L’affrontement Sarkozy-Villepin, enraciné dans une haine née avec la présidentielle de 1995, incarne un nouveau type de combats politiques. Un duel à mort, dans la perspective de 2012, où une arme joue un rôle décisif : la justice.
Jusqu’à la mort, au-delà de toute raison, comme s’ils étaient mus par une force obscure, comme s’il s’agissait d’exécuter des figures imposées. Depuis plus de quinze années, Nicolas Sarkozy et Dominique de Villepin sont engagés dans ce duel interminable où les blessures ne font couler que le sang métaphorique de la politique, ce mélange d’ambition, d’espoir et d’honneur.
A chaque rendez-vous électoral, à chaque incident partisan, à chaque rebondissement judiciaire, l’un a saigné quand l’autre a souri. Sarkozy n’a pu empêcher Villepin d’entrer à Matignon en 2005, Villepin n’a pas su enrayer l’ascension de Sarkozy vers l’Elysée en 2007. L’actuel président n’a pas pu éliminer du débat public l’ancien Premier ministre, le fidèle de Jacques Chirac ne va pas remplacer à l’UMP le disciple d’Edouard Balladur. Pourquoi tant de haine?
1995: des droites en décomposition
Tout a commencé dans ce chaudron d’affrontement fondamental que fut la présidentielle de 1995. Après quatorze années de mitterrandisme, et malgré les deux cohabitations, les droites sont, alors, en pleine décomposition. Le solide triptyque énoncé par René Rémond n’est plus qu’un décor de carton-pâte. La droite bonapartiste incarnée par Jacques Chirac quitte Napoléon pour Louis-Napoléon et le pont d’Arcole pour le cul des vaches: c’est en candidat zen et social, mangeur de pommes et défenseur de la feuille de paie, que Jacques Chirac séduit une majorité de Français.

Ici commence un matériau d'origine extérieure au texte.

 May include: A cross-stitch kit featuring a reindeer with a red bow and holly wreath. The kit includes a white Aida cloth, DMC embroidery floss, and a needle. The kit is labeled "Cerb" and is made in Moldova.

La droite orléaniste n’est plus représentée par le centrisme giscardien, qui n’a même pas de candidat, mais par Edouard Balladur, gaulliste pompidolien, et le célèbre « Enrichissez-vous » sonne aux oreilles des Français comme un arrogant « Enrichissons-nous ».
La droite légitimiste n’est plus à droite, mais à l’extrême droite, avec le Front national. La vieille opposition, enfin, gaullistes contre centristes, a vécu: le RPR a tout dévoré, sauf les ombres, agitées encore un peu par l’UDF, et les ténèbres, abandonnées au FN. Le schéma en vigueur depuis 1789 a cédé la place au dispositif du XXIe siècle.

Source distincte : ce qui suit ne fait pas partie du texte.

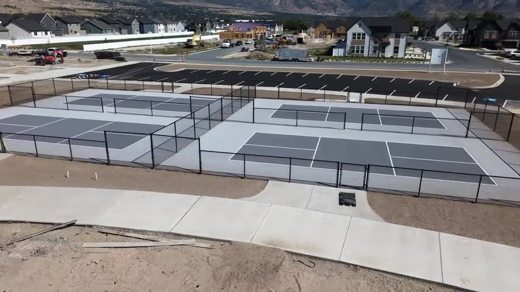 An angled aerial view of the completed fenced pickleball court complex.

Pragmatisme contre messianisme
En effet, en y regardant bien, la suite, avec l’UMP érigée en parti unique et Nicolas Sarkozy en vampire planté dans la carotide de Le Pen, n’a fait qu’achever le travail, et habiller ce nouveau corps de la droite, éveillé comme Frankenstein par la grande tempête de 1995. Depuis cette guerre civile, les luttes ne se déroulent plus entre les clans, mais au sein de la même et seule famille: on est passé de la droite tribale à la droite cannibale. On ne se combat plus, on s’entre-dévore; il n’y a plus de ligne de front, la mêlée est intime, la tuerie, domestique.

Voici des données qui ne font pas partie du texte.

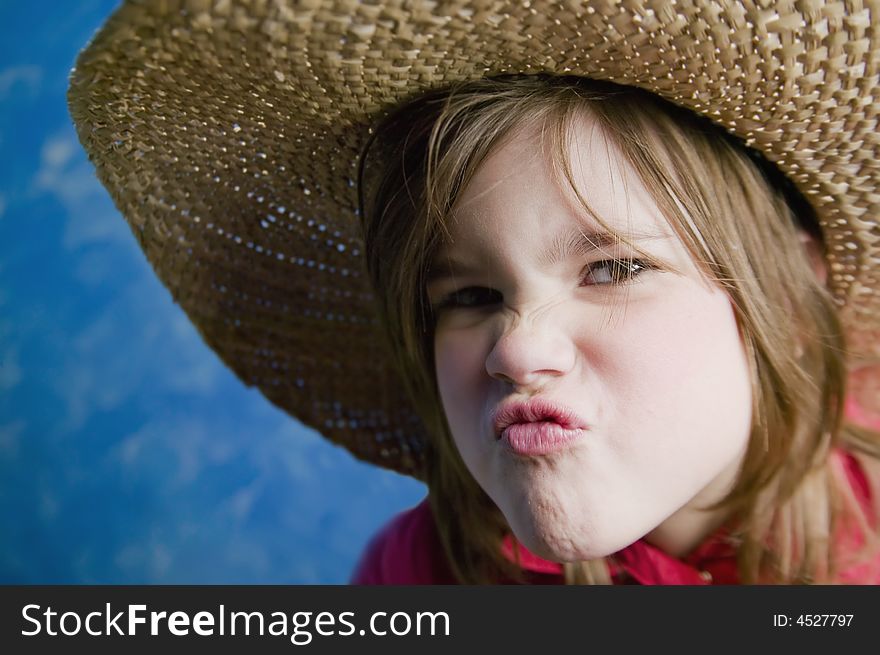 Little girl wearing a straw cowboy hat makes a funny face. Little girl wearing a straw cowboy hat makes a funny face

Nicolas Sarkozy et Dominique de Villepin, en leur grande querelle, sont nés vraiment en 1995, de ce big-bang. Chacun en son camp a alors pesé sur la stratégie et ourdi les coups bas, chacun s’est démené en scène comme en coulisses, en salle comme en cuisines. Enfants de cette violence, ils n’ont de fait gravé aucun humanisme au sein de leurs idéologies respectives. Nicolas Sarkozy a placé sa conquête sous le signe du pragmatisme, avec de vifs reflets de cynisme; Dominique de Villepin a inscrit son destin sur le registre du messianisme, avec de forts accents de lyrisme.
Le premier a construit un clan, bousculé par les aléas de sa vie privée, le second a théorisé la traversée du désert, avec quelques apôtres. L’un, volant d’exploit en joute au coeur du pouvoir, joue à d’Artagnan; l’autre, affairé à la mise en scène de son retour, singe Monte-Cristo.